The first section features colorized photos of birthdays, traditions and day-to-day lives of soon-to-be victims. One picture shows Hilarius Gilges, a Black German actor and tap dancer who was a communist. A table displays the names of groups who the Nazis persecuted: artists, anarchists, masons, Roma people, Jehovah’s Witnesses, gay people and the disabled. It also specifies the various Jewish groups targeted, like Hasidic and Sephardic Jews.
From there, the memorial’s visitors on Thursday passed into the second section and were suddenly bathed in sepia-toned light. A railroad representing the deportation trains runs beneath black-and-white photos of the text of Nuremberg laws that made Jews legally inferior, Hitler Youth members and a man holding a sign inciting the boycott of shops owned by Jews. Graphic images of concentration camps and stick-thin corpses do not appear; instead, visitors can figuratively put themselves in victims’ shoes by standing on footprints to hear recordings of their accounts.

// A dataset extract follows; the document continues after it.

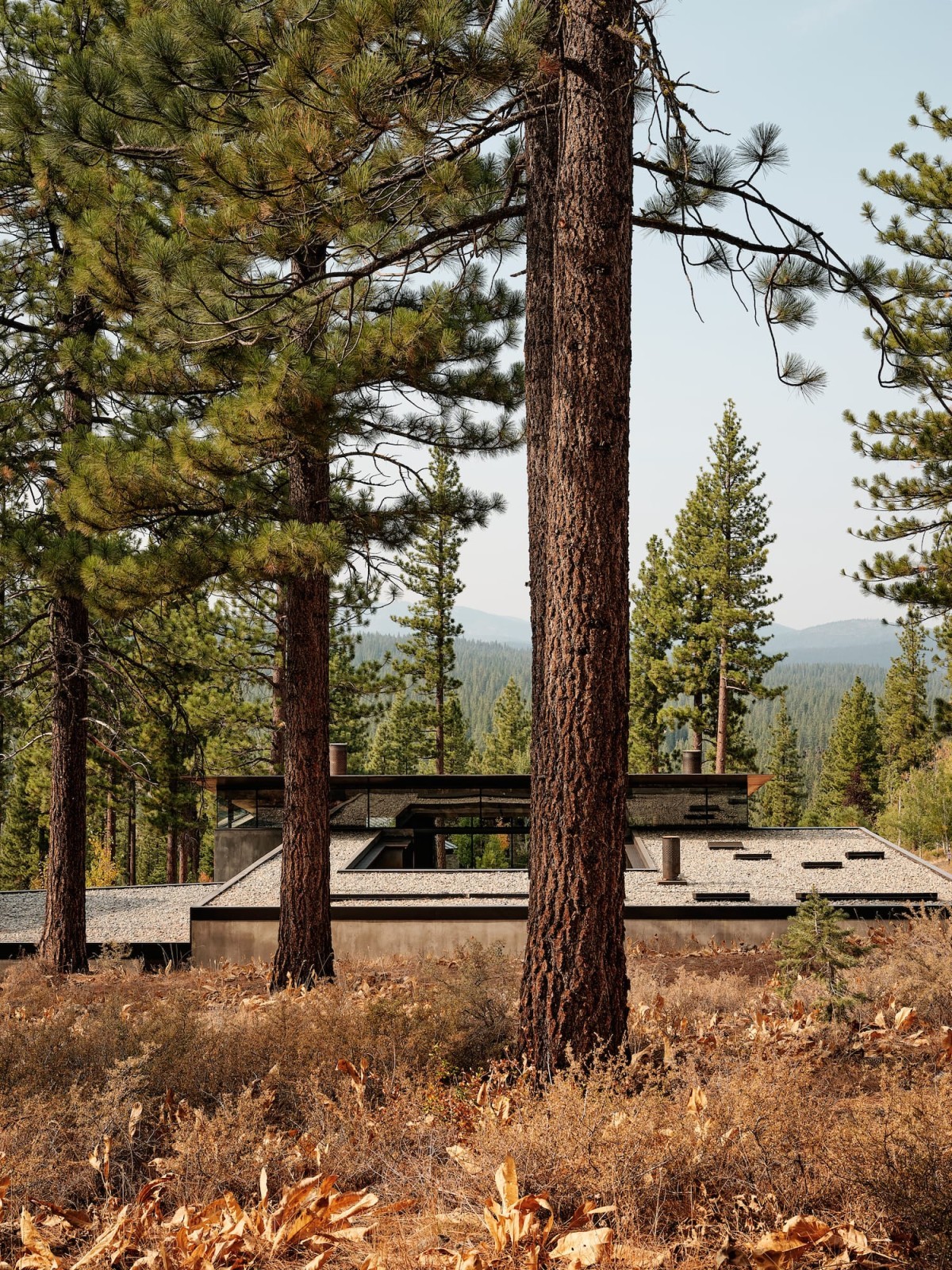 exterior da CAMPout Retreat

In the final part, life resumes in color — for those fortunate enough to have escaped the horror. Videos from families’ archives show births, celebrations and other snippets of life. And an interactive screen contains a database with information and photos of those who built new lives in Brazil.

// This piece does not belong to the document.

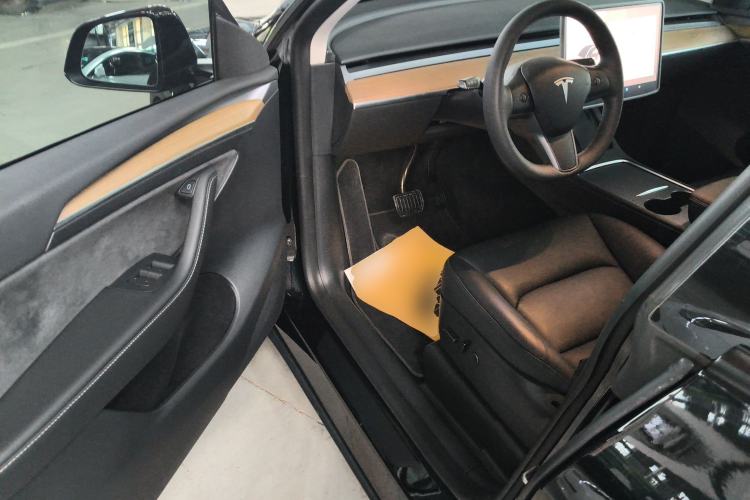 Used Tesla Model Y 2022 Revised Version Rear-Wheel Drive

Jorge Tredler, 83, leaned over the table and looked up his mother, father and sister. Their family fled Poland and spent years passing through the Soviet Union, Mongolia, Kyrgyzstan and other nations before finally reaching in Brazil in 1951.
“I feel really emotional, it brings me back to the past,” Tredler said. “This place recalls one of the greatest tragedies of the 20th century, so people know about it and there never again is a Holocaust.”
The memorial is Brazil’s third Holocaust-focused institution inaugurated in just over a decade, following a museum in southern city Curitiba and another memorial in Sao Paulo. Levy said the idea was born three decades ago, but work only got off the ground with a municipal ordnance passed in January 2018 allowing for its creation.
That same month, far-right former President Jair Bolsonaro was sworn into office. He was an outspoken champion of Christian faith and conservative values. Many human rights associations blamed his fiery rhetoric for the recent surge in cases of people promoting Nazism, as well as hate crimes against members of the LGBT community.
“The years when Bolsonaro was in power led to the emergence of extremists with a greater intolerance for difference,” said Fernando Lottenberg, a Brazilian Jew who is the Organization of American States’ commissioner for monitoring and combating antisemitism. “Like (former U.S. President Donald) Trump, he created an atmosphere favoring the expression of this kind of behavior.”
There are more than a dozen neo-Nazi groups in Brazil with between 2,000 and 3,000 organized activists, according to Brazilian nonprofit SaferNet, which fields complaints of intolerance on social media via a hotline it runs with the prosecutor-general’s office.
Brazil’s Jewish population was around 107,000 in 2010, according to the national statistics agency IGBE’s latest census. Many of them are descendants of people who fled rampant antisemitism in Europe in the 20th century. And 14 million Brazilians identified as Black in 2010, while 83 million identified as biracial.
“A developed society is plural and diverse,” said Alberto Klein, president of the Holocaust memorial’s cultural association.